Philip Gossett was one of the two orchestrators who actually worked on the score that Fabio Biondi used to conduct the Parma performance of Norma in 2001 as related in the chapter which contains the quotes.

*Philip Gossett* (1941-2017) was the Robert W. Reneker Distinguished Service Professor Emeritus in Music and the College at the University of Chicago. He was the general editor of _The Works of Giuseppe Verdi_, published by the University of Chicago Press and Casa Ricordi, and _The Works of Gioachino Rossini_. In 2004 he received one of four lifetime achievement awards given by the Andrew W. Mellon Foundation, and in 1998 he received the Cavaliere di Gran Croce, the highest civilian award given by the Italian government.

That's my "credible source" - I accept both its accuracy and its ability to confirm that information - Everyone else has the same right to evaluate the source materials and reach their own conclusions as to their validity.


----------



## SanAntone (May 10, 2020)

It is simply a mistake to credit the critical edition of Norma with "Fabrizio Biondi" in this passage (which is what I was referring to). If this was done by Mr. Gossett, it is unfortunate lapse in editing and proofing his manuscript.



> Seeking to restore the passage to its original form, Fabio's brother, Fabrizio Biondi, located the relevant measures in manuscript copies of the full score of Norma at the Conservatories of Naples and Milan.
> 
> Fortunately, Fabrizio and I realized the problem in time to develop a more plausible orchestration of the missing measures for the Parma performances.


It has been officially credited to Maurizio Biondi by the publisher.


----------



## BBSVK (10 mo ago)

Aren't there 2 different critical editions ?

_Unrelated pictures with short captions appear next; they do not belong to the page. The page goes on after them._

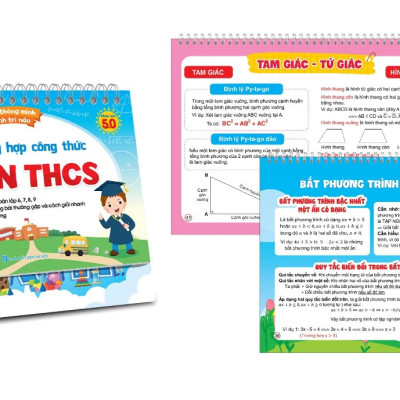 Sách - Combo Bộ Lịch Bảng Tổng Hợp Công Thức Toán Và Tiếng Anh THCS - Phiên Bản 5.0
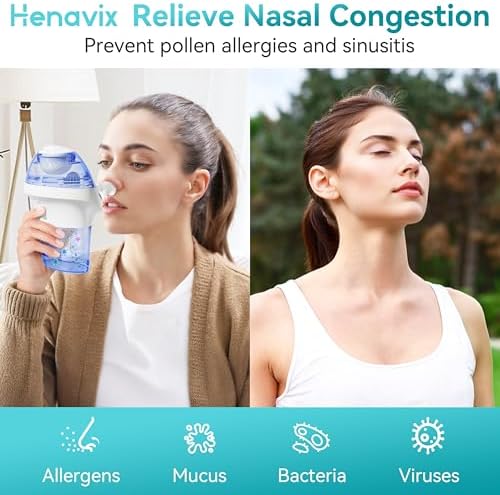 Rechargeable Nasal Irrigation System with 15 Saline Packets, Upgraded Sinus Rinse Kit with 40° Auto-Stop & Self-Cleaning, Nose Cleaner for Relieving Nasal Discomfort, Portable for Home & Travel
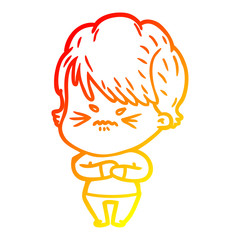 warm gradient line drawing cartoon frustrated woman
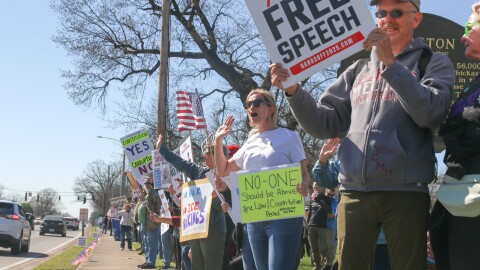 Protesters gather at Paducah's Bob Noble Park as part of the No Kings nationwide movement on March 28.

Norma from Parma with June Anderson (conducted by Fabio Biondi) + the analogous Norma from Warsaw with Katia Pellegrino are less weird

than

Norma with Bartolli (that is Maurizio Biondi and Ricardo Minassi).


----------



## BBSVK (10 mo ago)

I guess I even saw somewhere, that Bartolli herself commissioned the critical edition she used for her singing.


----------



## Shaughnessy (Dec 31, 2020)

SanAntone said:


> It is simply a mistake to credit the critical edition of Norma with "Fabrizio Biondi" in this passage (which is what I was referring to). If this was done by Mr. Gossett, it is unfortunate lapse in editing and proofing his manuscript.
> 
> 
> 
> It has been officially credited to Maurizio Biondi by the publisher.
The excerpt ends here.